C’est un nouvel élément qui devrait encore compliquer l’enquête lancée par le Commandement de l’armée américaine pour l’Afrique (Africom) : des membres du groupe djihadiste nigérian Boko Haram ont participé, le 4 octobre, à l’attaque contre une patrouille des armées nigérienne et américaine à Tongo Tongo, au nord-ouest du Niger.

Quatre militaires des forces spéciales américaines et cinq soldats nigériens ont été tués lors de cette opération attribuée à des djihadistes appartenant au groupe d’Abou Walid Al-Saharaoui, qui se présente comme le chef de l’Etat islamique dans le Grand Sahara.

Selon l’enquête menée par des services de sécurité sous-régionaux, plusieurs combattants de Boko Haram venus de l’est du Niger s’étaient infiltrés au Mali avant de prendre part à l’attaque de Tongo Tongo qui a impliqué près d’une centaine de djihadistes à bord de véhicules tout-terrain et de motos.

Soutien financier et logistique

Les éléments de Boko Haram seraient arrivés sur la frontière nigéro-malienne isolément, empruntant les transports en commun à partir de Diffa, capitale de la région est du Niger, épicentre des activités de Boko Haram, distante de 1 360 km de Niamey.

A en croire une source nigérienne, une cinquantaine de partisans du chef djihadiste nigérian Abubakar Shekau seraient ainsi entrés au nord du Mali, profitant de la libre circulation des personnes et des biens et du développement du transport interurbain au Niger.

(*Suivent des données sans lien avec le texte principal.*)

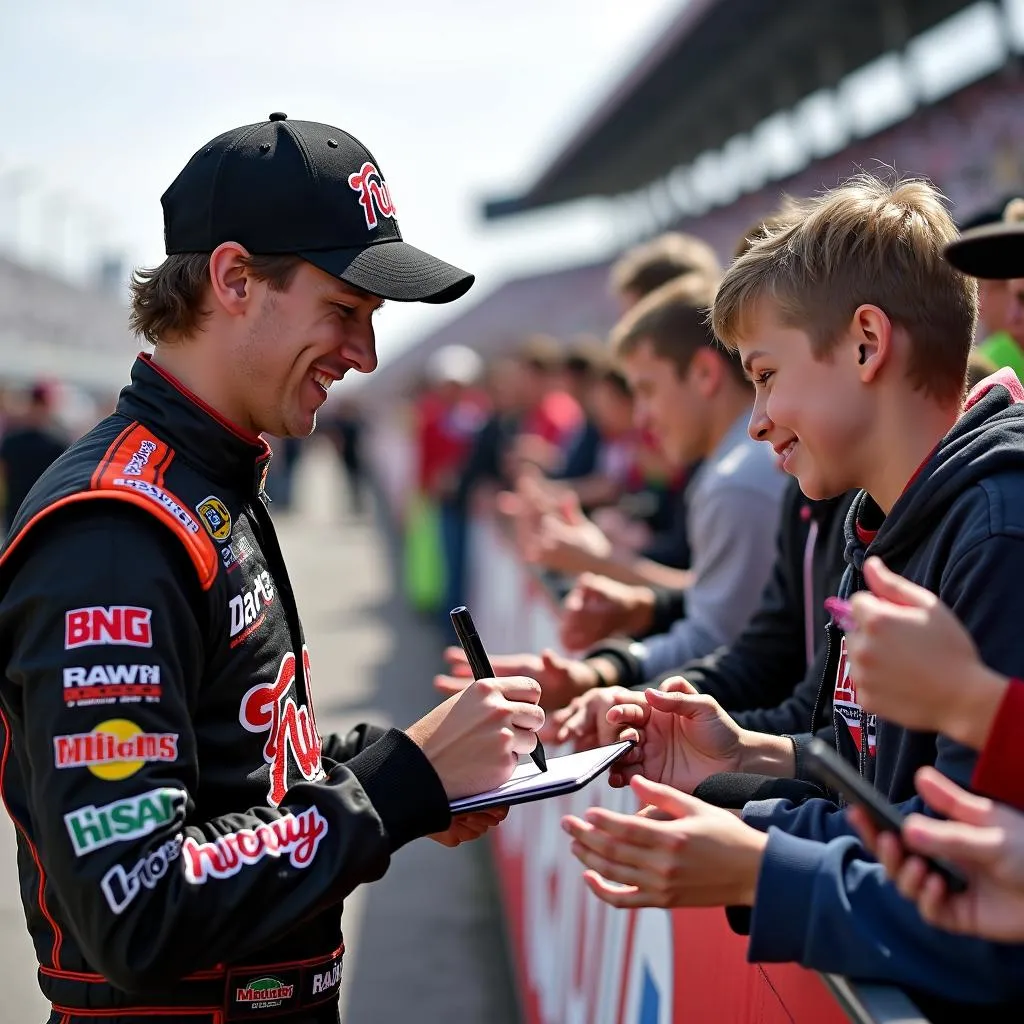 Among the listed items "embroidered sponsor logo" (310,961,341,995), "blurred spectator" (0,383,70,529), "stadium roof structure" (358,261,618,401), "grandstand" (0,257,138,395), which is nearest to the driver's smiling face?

Confirmée, la participation directe des combattants de Boko Haram à une attaque perpétrée par Abou Walid Al-Saharaoui viendrait conforter l’hypothèse d’une collusion entre la secte djihadiste nigériane et les groupes terroristes présents dans le nord du Mali.

Quelques semaines avant l’attaque de Tongo Tongo, les services de sécurité nigériens avaient intercepté un homme convoyant 75 000 euros du nord du Mali vers Boko Haram, qui a pris en mars 2015 le nom d’Etat islamique en Afrique de l’Ouest, après son allégeance à l’organisation djihadiste.

Un second porteur de valise a ensuite été arrêté avec 35 000 euros à remettre à des cadres de la secte nigériane. Cette manne financière servirait au recrutement de nouveaux combattants au Cameroun, au Nigeria, au Niger et au Tchad. En effet, en dépit des revers militaires accumulés et de l’emprisonnement de milliers de ses combattants dans les quatre pays concernés par ses opérations, Boko Haram maintient sa capacité de nuisance. En échange de ces « mandats cash », la secte envoie des combattants vers le nord du Mali, où ils reçoivent une formation idéologique avant d’être engagés dans des opérations du type de celle menée à Tongo Tongo contre les armées nigérienne et américaine.

L’armée américaine face à l’omerta

Face à l’émotion suscitée par la mort de quatre de ses soldats et après la révélation de l’ampleur de sa présence militaire au Niger (800 soldats officiellement), les Etats-Unis s’étaient engagés à faire toute la lumière sur l’attaque attribuée aux hommes d’Abou Walid Al-Saharaoui. Une première mission d’enquêteurs d’Africom a séjourné sur la frontière commune nigéro-malienne pour inspecter le théâtre de l’embuscade et interroger les habitants du village de Tongo Tongo. Selon des sources nigériennes, les enquêteurs américains se sont heurtés à une omerta totale. Personne n’aurait rien vu, rien entendu alors que les affrontements entre les assaillants et les forces nigéro-américaines ont duré plusieurs heures. La posture du silence généralisé est d’autant moins surprenante qu’elle s’inscrit dans la complexité de la cohabitation entre les populations locales touareg daoussak et peules. Le refus de coopérer avec les enquêteurs pourrait également traduire la défiance des Peuls, notamment, envers l’Etat nigérien qu’ils accusent de n’avoir pas tout fait pour les protéger des vols de bétail répétés de la part des assaillants venus du Mali.

En attendant d’élucider les circonstances de l’attaque de Tongo Tongo, l’armée américaine a franchi un cran supplémentaire dans sa guerre antiterroriste au Sahel en armant ses drones déployés au Niger.

Après cette décision, qui a obtenu le feu vert des autorités nigériennes, les forces spéciales américaines pourraient désormais procéder à des éliminations de « cibles djihadistes à haute valeur », comme elles le font déjà en Somalie avec les Chabab et en Afghanistan avec les talibans.

Seidik Abba, journaliste et écrivain, auteur, notamment, de La Presse au Niger. Etat des lieux et perspectives, L’Harmattan, Paris, 2010.